Sunday, March 4, 2012

More ways with zucchini than you can poke a stick at

It seems to be the way that in the vegie garden every summer, one vegetable will absolutely go ballistic and give us more produce than we can cope with. One year, pumpkins - 45 off two vines. Then tomatoes. Last year, cucumbers. This year it has been the turn of the zucchini, that has survived and prospered in one of the wettest three months we've had in years. Go figure.
The fortunate thing about zucchinis is that I find they are up there with potatoes in terms of versatility.
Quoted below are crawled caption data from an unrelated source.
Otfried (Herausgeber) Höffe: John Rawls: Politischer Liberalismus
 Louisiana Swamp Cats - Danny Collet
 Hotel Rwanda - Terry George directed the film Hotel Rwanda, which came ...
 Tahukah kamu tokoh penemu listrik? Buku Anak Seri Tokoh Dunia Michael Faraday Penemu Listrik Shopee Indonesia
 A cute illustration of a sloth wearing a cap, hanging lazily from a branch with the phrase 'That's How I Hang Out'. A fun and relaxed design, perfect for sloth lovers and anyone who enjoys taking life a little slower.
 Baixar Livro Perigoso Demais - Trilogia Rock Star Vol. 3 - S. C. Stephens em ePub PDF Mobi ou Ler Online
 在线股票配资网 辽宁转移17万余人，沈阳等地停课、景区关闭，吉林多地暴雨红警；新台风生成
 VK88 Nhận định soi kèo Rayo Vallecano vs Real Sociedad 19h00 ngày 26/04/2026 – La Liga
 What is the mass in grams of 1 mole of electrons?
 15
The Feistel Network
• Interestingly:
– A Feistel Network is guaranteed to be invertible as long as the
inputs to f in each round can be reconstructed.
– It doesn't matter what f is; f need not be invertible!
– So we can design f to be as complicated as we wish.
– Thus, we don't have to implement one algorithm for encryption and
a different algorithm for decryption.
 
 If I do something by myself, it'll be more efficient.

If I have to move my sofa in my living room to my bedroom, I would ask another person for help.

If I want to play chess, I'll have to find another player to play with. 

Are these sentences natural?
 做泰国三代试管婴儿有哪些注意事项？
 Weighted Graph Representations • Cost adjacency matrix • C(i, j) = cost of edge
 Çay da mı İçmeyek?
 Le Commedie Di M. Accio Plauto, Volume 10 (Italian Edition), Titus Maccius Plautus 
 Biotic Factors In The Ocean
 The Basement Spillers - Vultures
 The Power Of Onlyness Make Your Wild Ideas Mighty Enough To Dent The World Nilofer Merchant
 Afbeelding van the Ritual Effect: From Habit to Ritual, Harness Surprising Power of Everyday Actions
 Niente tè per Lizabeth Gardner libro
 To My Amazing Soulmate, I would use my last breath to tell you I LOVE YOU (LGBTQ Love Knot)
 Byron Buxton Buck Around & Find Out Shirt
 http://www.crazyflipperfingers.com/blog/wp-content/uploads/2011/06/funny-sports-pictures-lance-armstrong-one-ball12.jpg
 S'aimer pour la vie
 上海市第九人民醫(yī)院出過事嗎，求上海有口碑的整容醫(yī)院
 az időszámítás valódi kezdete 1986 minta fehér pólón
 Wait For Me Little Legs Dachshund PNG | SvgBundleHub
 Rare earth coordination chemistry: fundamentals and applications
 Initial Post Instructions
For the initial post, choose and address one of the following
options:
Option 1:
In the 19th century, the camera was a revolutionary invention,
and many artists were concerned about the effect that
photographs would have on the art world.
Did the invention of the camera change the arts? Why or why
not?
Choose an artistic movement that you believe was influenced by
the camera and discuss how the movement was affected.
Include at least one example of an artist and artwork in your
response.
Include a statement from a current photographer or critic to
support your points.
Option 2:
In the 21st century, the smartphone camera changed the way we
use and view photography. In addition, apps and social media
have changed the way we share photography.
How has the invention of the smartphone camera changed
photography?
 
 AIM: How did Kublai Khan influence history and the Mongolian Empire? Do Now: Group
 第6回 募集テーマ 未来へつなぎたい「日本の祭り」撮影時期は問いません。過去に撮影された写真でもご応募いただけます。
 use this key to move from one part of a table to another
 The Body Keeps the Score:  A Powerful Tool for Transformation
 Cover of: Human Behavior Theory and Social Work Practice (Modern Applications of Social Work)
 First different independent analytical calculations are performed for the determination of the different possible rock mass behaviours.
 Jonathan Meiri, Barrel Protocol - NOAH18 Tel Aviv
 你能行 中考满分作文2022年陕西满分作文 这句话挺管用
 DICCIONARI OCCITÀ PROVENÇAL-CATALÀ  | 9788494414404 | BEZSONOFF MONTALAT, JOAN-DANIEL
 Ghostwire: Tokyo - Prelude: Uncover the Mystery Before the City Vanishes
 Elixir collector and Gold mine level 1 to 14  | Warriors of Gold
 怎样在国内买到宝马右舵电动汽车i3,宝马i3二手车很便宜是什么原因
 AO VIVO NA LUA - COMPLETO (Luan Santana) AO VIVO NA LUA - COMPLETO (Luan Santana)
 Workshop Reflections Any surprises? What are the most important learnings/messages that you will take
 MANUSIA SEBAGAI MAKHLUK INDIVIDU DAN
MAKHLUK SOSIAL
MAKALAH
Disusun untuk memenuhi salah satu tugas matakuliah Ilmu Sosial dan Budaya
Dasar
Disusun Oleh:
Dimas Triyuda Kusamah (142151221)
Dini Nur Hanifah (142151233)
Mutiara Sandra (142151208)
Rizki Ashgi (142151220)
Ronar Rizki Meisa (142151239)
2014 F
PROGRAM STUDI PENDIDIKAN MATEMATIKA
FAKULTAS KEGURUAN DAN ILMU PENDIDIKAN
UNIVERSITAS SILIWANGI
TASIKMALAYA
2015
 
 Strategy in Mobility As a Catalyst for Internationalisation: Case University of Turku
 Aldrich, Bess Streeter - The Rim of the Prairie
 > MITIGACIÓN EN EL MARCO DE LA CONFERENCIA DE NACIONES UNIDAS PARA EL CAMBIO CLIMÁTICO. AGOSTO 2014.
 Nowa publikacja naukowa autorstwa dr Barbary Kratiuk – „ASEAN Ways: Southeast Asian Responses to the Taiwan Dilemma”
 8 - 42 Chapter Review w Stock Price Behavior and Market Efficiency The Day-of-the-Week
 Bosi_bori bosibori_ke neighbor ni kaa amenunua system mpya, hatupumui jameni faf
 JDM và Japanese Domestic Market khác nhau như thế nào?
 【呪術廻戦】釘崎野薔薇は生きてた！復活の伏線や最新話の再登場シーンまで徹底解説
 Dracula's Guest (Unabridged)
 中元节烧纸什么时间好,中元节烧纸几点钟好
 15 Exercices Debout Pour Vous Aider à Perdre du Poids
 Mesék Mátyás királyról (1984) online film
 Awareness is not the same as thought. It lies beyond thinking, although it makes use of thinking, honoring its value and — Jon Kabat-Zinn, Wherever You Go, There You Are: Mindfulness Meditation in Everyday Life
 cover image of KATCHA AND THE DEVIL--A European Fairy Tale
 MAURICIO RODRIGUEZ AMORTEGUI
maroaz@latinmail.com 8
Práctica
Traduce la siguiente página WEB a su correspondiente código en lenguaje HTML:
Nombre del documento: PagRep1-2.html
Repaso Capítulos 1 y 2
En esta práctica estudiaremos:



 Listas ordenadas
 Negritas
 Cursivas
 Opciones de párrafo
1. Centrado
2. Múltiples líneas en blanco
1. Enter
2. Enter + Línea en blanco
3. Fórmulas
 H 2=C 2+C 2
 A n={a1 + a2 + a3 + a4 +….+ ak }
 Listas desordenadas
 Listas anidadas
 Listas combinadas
Here's how the zucchinis have been cooked in my kitchen over the last few weeks:

Sliced and grilled, dressed with vinaigrette, garlic and parsely (as above, with grilled eggplant and capsicum)
Grated and made into fritters
Cut into batons, dipped in eggs and breadcrumbs and fried
Cut into batons, dipped into batter and fried
Sliced, roasted with eggplants, capsicum, tomatoes to make oven roasted ratatouille
Zucchini slice
Zucchini cake
Made into a soup with peas and green onions
Sauteed with butter, served with roasted chicken
Grated and made into pasta sauce to serve with penne
Zucchini frittata
Zucchini gratin, with tomatoes, onion, garlic, thyme, parsley and breadcrumbs
Sliced finely on a mandolin, and served as a salad - a zucchini carpaccio
Parboiled, split in half lengthwise, stuffed with leftover rice and onion and baked
Preserved as zucchini sott'olio (zucchini under oil)

That's all the ways I can think of for the moment...am I missing anything?